(Short web captions)
::::::::

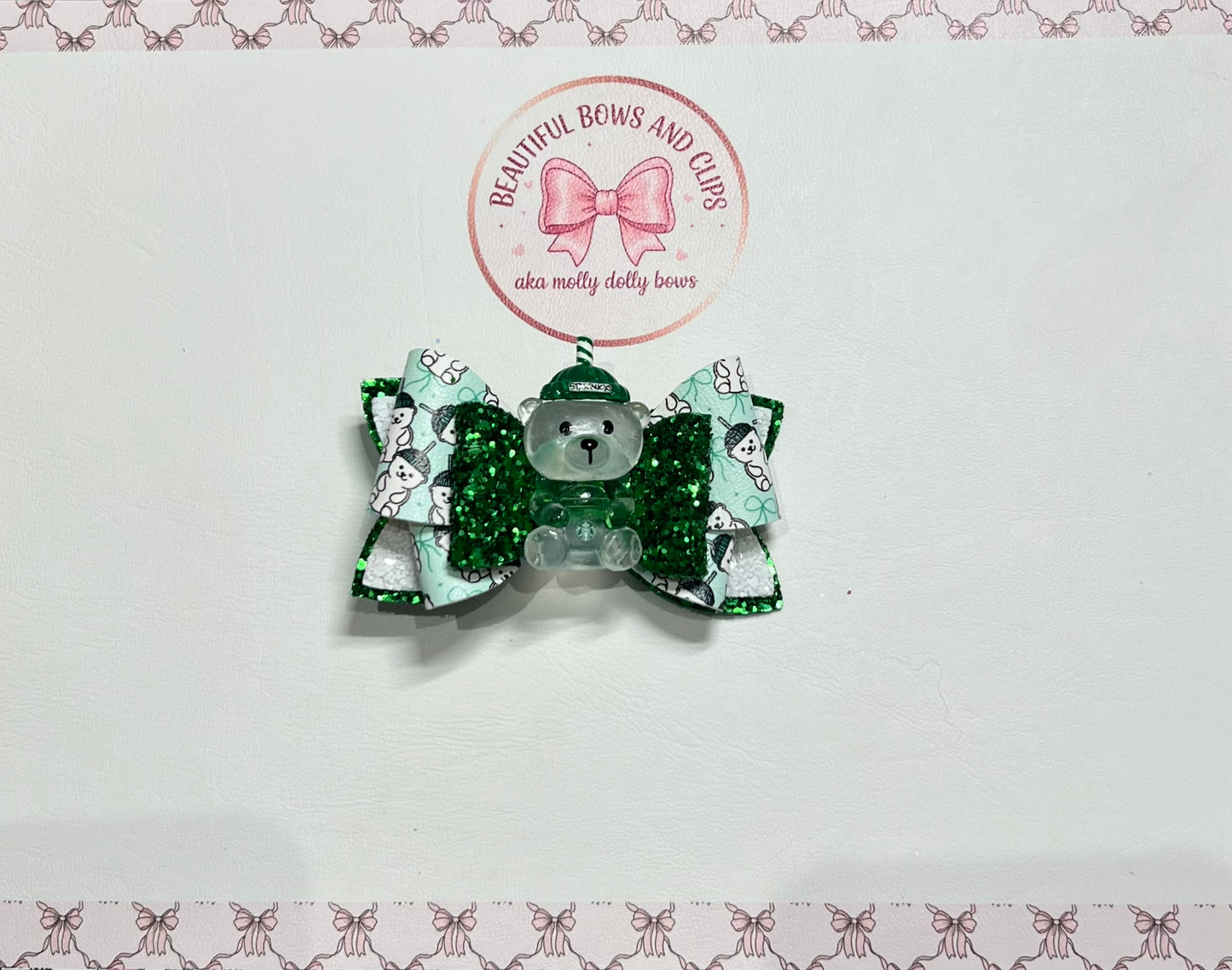 Star bucks Teddy hair bow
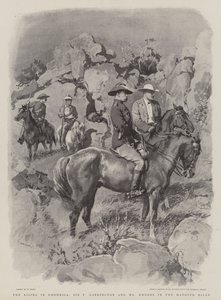 A ascensão na Rodésia, Sir F Carrington e o senhor Rhodes nas colinas de Matoppo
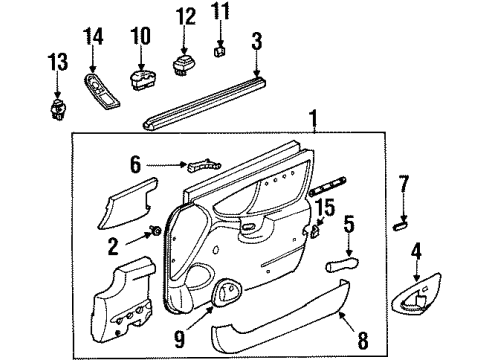1997 Oldsmobile Cutlass Handle Bezel, Passenger Side Diagram for 22603014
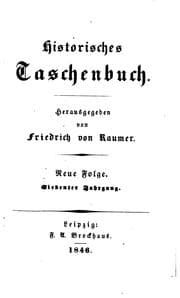 Tapa de Historisches Taschenbuch, herausg. von F. von Raumer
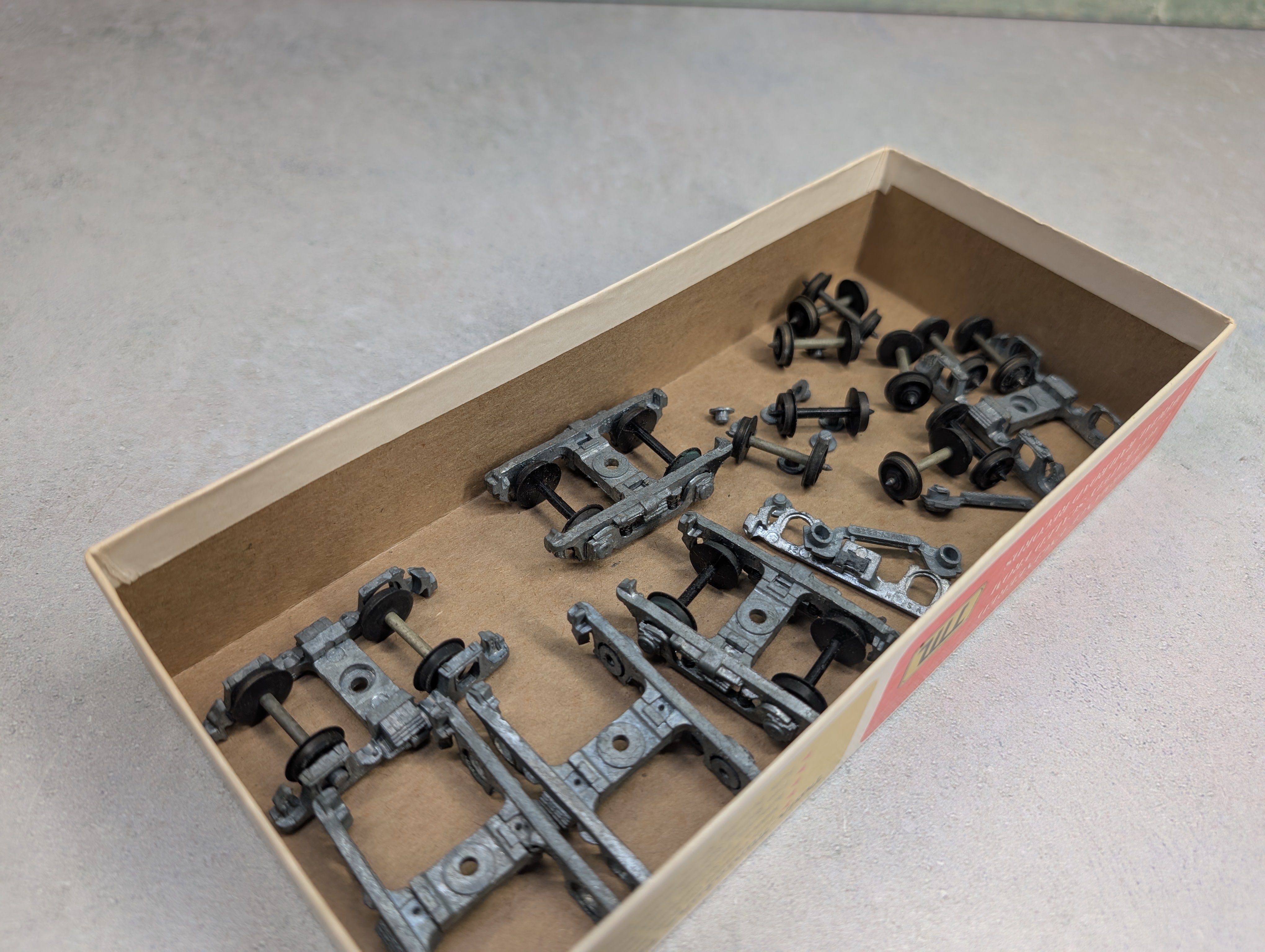 USED Varney HO Scale Lot of Passenger Trucks, Wheels, and Bearing Caps
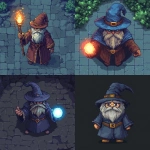 **2D pixel art sprite of a wizard character, top-down view, 16x16, game asset** - <@399143272141946880> (fast)
-# Create, explore, and organize on [midjourney.com](<https://midjourney.com/imagine?from_discord=1>)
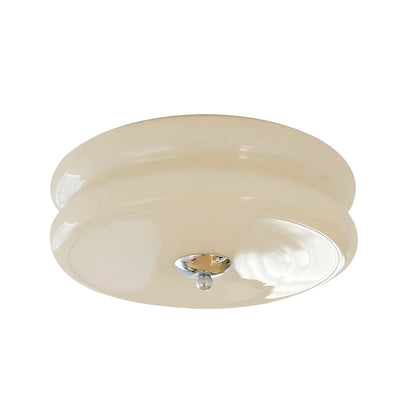 Modern Creamy Round Double-Tier Glass LED Flush Ceiling Light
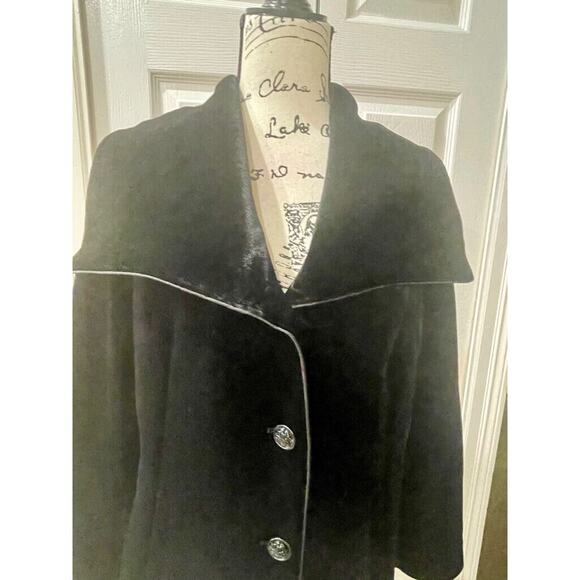 LAUNDRY BY SHELLI SEGAL COAT BLAZER BLACK VELVET SZ L SOPHISTICATED CHIC TRENDY - Picture 15 of 15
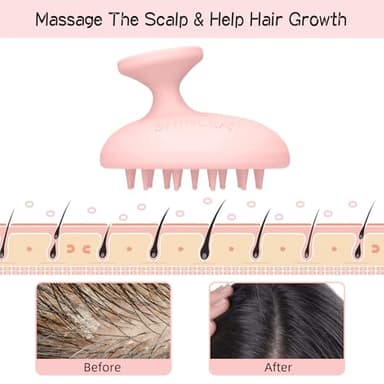 SHINLEA Silicone Scalp Massager Shampoo Brush, Head Scrubber with Soft Bristles for Hair Growth, Scalp Exfoliator for Dandruff Removal, Wet Dry Hair Brush for Scalp Care, Pink - Image 5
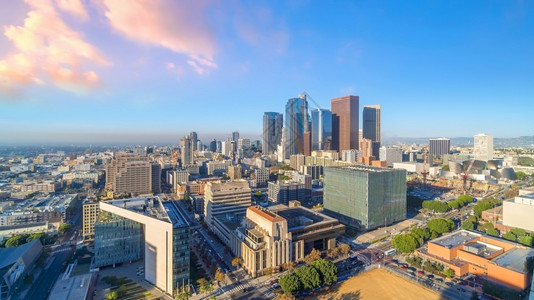 城市的目地美国加利福尼亚州洛杉矶市中心天际的美丽日落都会图片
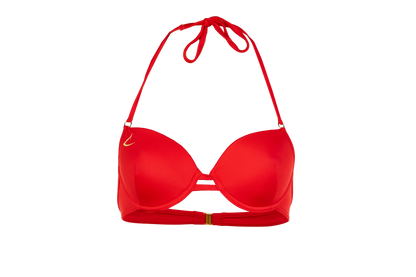 Haut de bikini luxe écologique rouge Vittoria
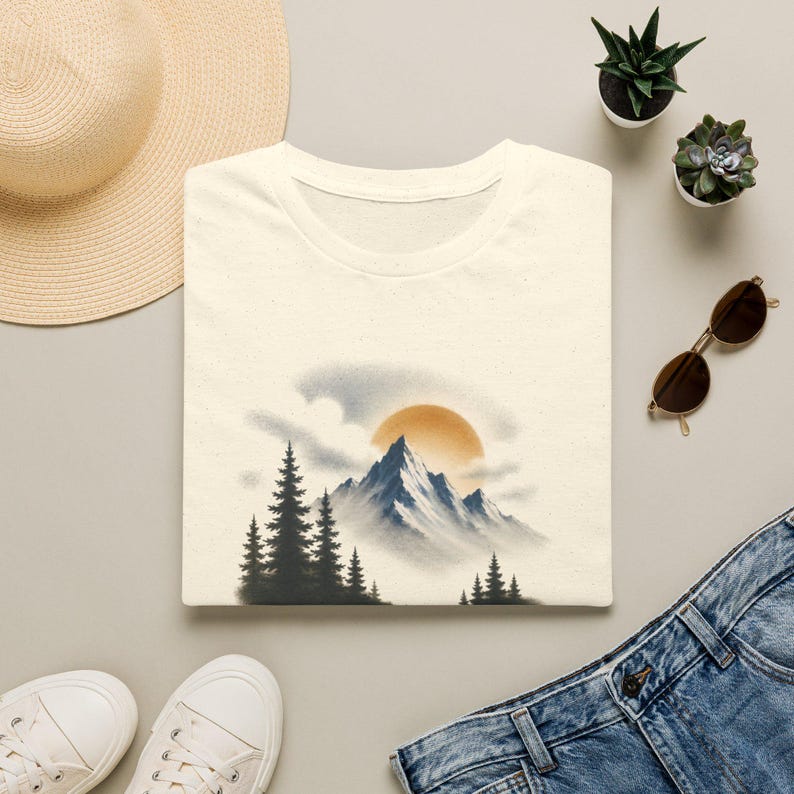 Airbrush Mountain T-shirt | Airbrush-shirt, T-shirt voor outdooravontuur afbeelding 13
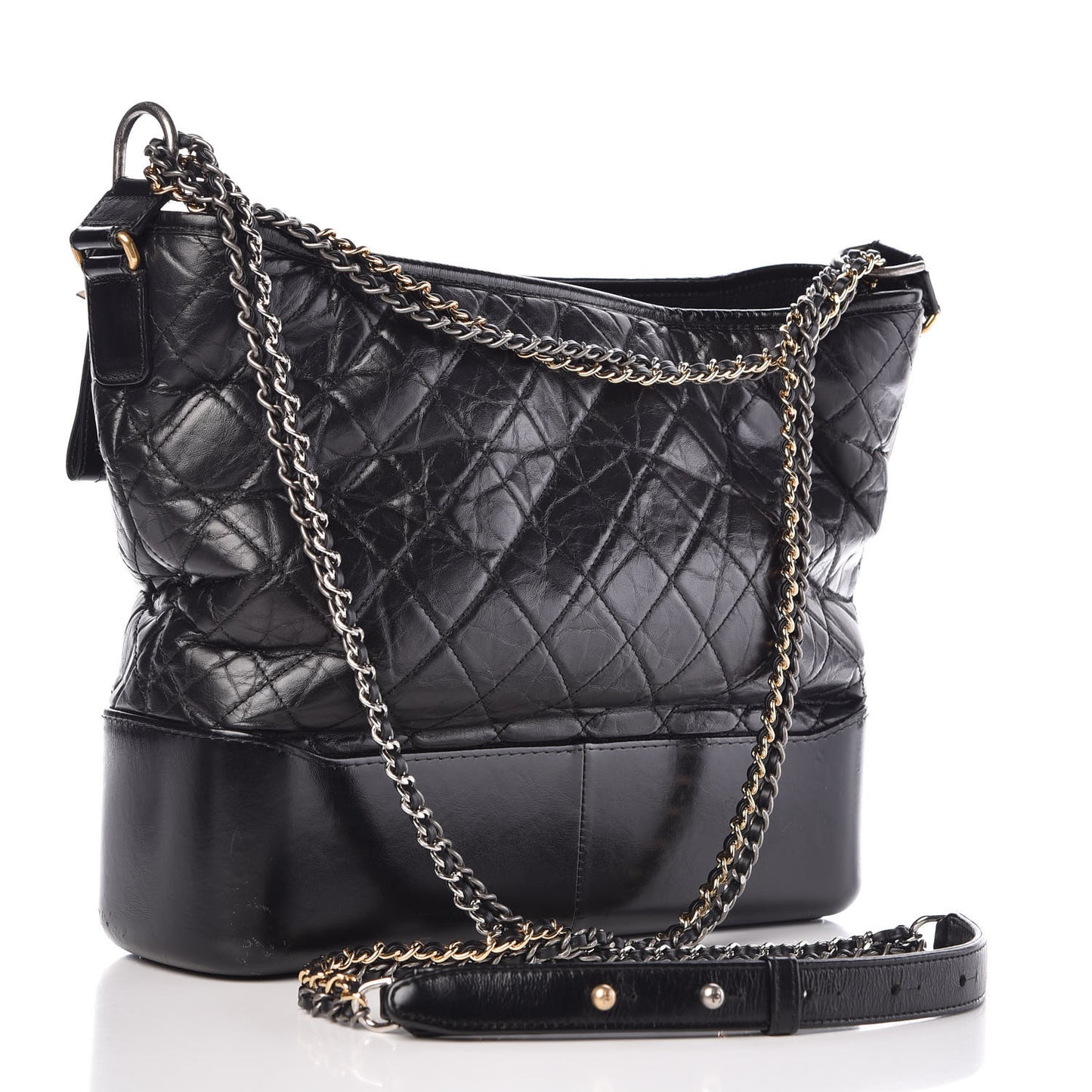 Aged Calfskin Quilted Large Gabrielle Hobo Black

::::::::

*Task details*
Starting with the line that holds "-# Create, explore, and", return each line exactly through the final line of the entries above; pictures are not part of the output.

*Solution for this exercise*
-# Create, explore, and organize on [midjourney.com](<https://midjourney.com/imagine?from_discord=1>)
 Modern Creamy Round Double-Tier Glass LED Flush Ceiling Light
 LAUNDRY BY SHELLI SEGAL COAT BLAZER BLACK VELVET SZ L SOPHISTICATED CHIC TRENDY - Picture 15 of 15
 SHINLEA Silicone Scalp Massager Shampoo Brush, Head Scrubber with Soft Bristles for Hair Growth, Scalp Exfoliator for Dandruff Removal, Wet Dry Hair Brush for Scalp Care, Pink - Image 5
 城市的目地美国加利福尼亚州洛杉矶市中心天际的美丽日落都会图片
 Haut de bikini luxe écologique rouge Vittoria
 Airbrush Mountain T-shirt | Airbrush-shirt, T-shirt voor outdooravontuur afbeelding 13
 Aged Calfskin Quilted Large Gabrielle Hobo Black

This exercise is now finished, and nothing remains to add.